Я прислушался, и, будучи любителем оперы, тотчас различил, что это героический тенор, и, наверняка оперный, иначе, зачем бы он выводил такие странные, неприличествующие мужскому голосу колоратуры и трели? Голос мне не понравился – он был несколько грубоватый и «задушенный». Таким голосом хорошо исполнить за кружкой пива студенческую песню, но никак не итальянскую арию.
Я и музыку узнал – да, это ария Идрено из «Семирамиды». Ария эта мало мне нравилась, и, поэтому, я закрыл глаза и постарался заснуть. Но, нет! Точно груда мельчайших стеклянных осколков обрушилась мне на голову – сопрано присоединилось к тенору. Волей-неволей пришлось вставать. Одеваясь, я бранил всех и вся, кто испортил мне утро: судостроителя, выдумавшего корабль с такими тонкими стенами, штурмана, не спасавшего пассажиров от качки, этих певцов, вздумавших упражняться в такое время….
Вконец разозлённый, я вышел на палубу. Пряный ветерок освежил меня, но в душе накопилось уже столько яду, что я набросился на вахтенного, сонного молодого человека:
- Ради бога, объясните мне, откуда здесь взялись оперные певцы?!
- Я ничего не знаю, синьор, - робко зашептал вахтенный, - спросите у капитана…
Мне пришлось обежать весь корабль, и когда я увидел капитана, который безмятежно курил, глядя за горизонт, у меня дрожали челюсти. А ноги подкашивались.
В сотый раз повторил я вопрос, но капитан оказался тугоух. Правда, после того, как я со всей крикнул, глядя на него, капитан ответил:
- Не кричите, я не глухой. Что же касается вашего вопроса, то вчера вечером мы взяли на борт труппу театра «Арджентина». Вместе с вами они высадятся в Неаполе.
- Значит, я должен слушать их репетиции ещё три недели!? – распалился я.
Капитан смерил меня холодным взором и прибавил.
- Помните, вы не один на корабле.
Я чувствовал себя униженным, а пассажиры просыпались один за другим, выходили подышать свежим воздухом, но не выдерживали качки и убегали обратно в каюты.

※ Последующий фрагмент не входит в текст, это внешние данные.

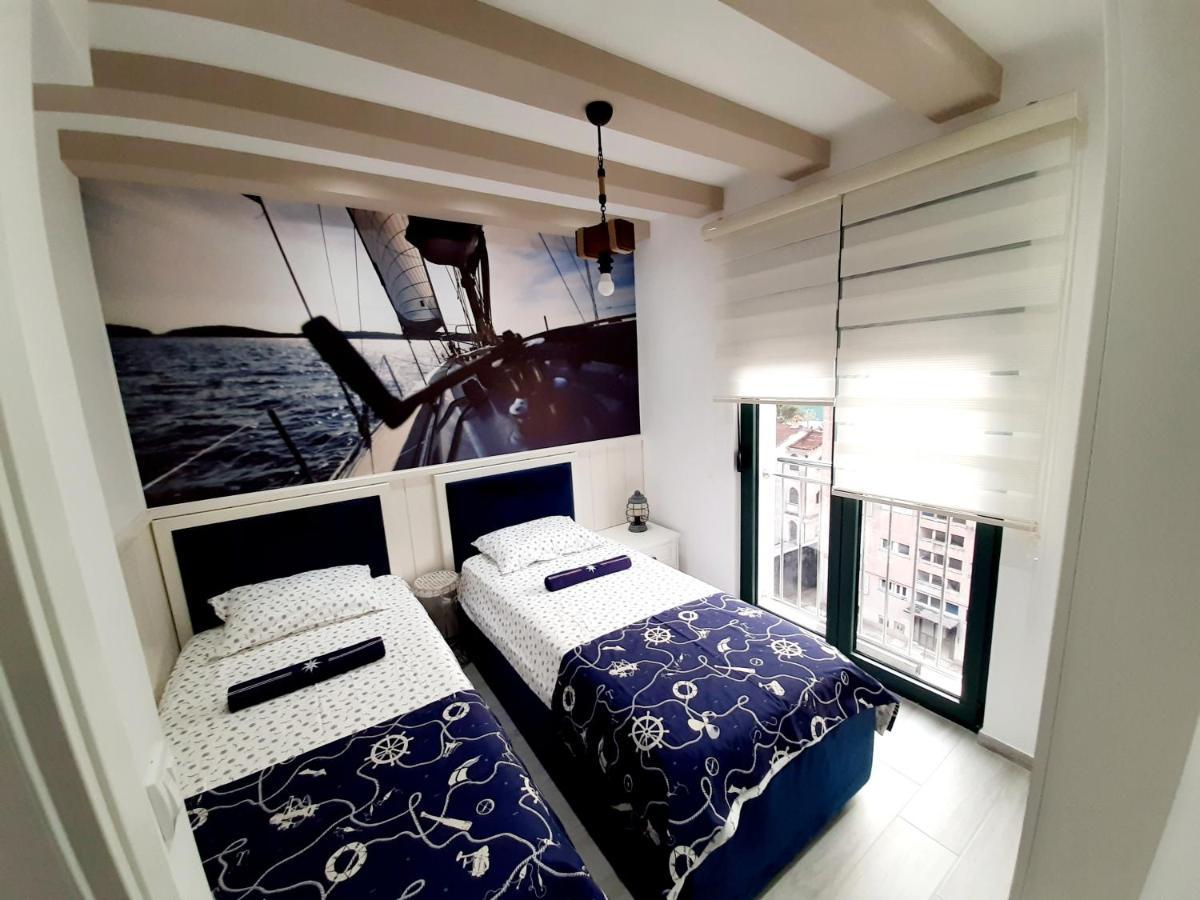 Maritimo Di Cattaro****Lux Apartment With Garage Luaran gambar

Облокотившись на перила, я бездумно стал смотреть на море. Судя по пышной растительности покрывавшей частые острова, тёплому воздуху, и зеленовато голубому морю, я понял, что мы плывём по Тихому океану.
- Не сердитесь! – услышал я примеряющее шутливый голос капитана, – глупо сердится в такое чудное утро.
Я обернулся. Сквозь табачный дым сверкали маленькие его глаза.
-Вы ведь, любите оперу, - заговорил он, - думаю, вы будете рады знакомству с замечательной певицей Изабеллой Куффари.
Капитан улыбнулся и не спеша удалился. Солнце поблёскивало в стёклах pinzne-nez.
Я удивился – имя Изабеллы Куффари было мне не знакомо. Патти, Гризи, Малибран я слышал. Знакомы мне были и другие певицы итальянских театров, но о Куффари я никогда не слышал.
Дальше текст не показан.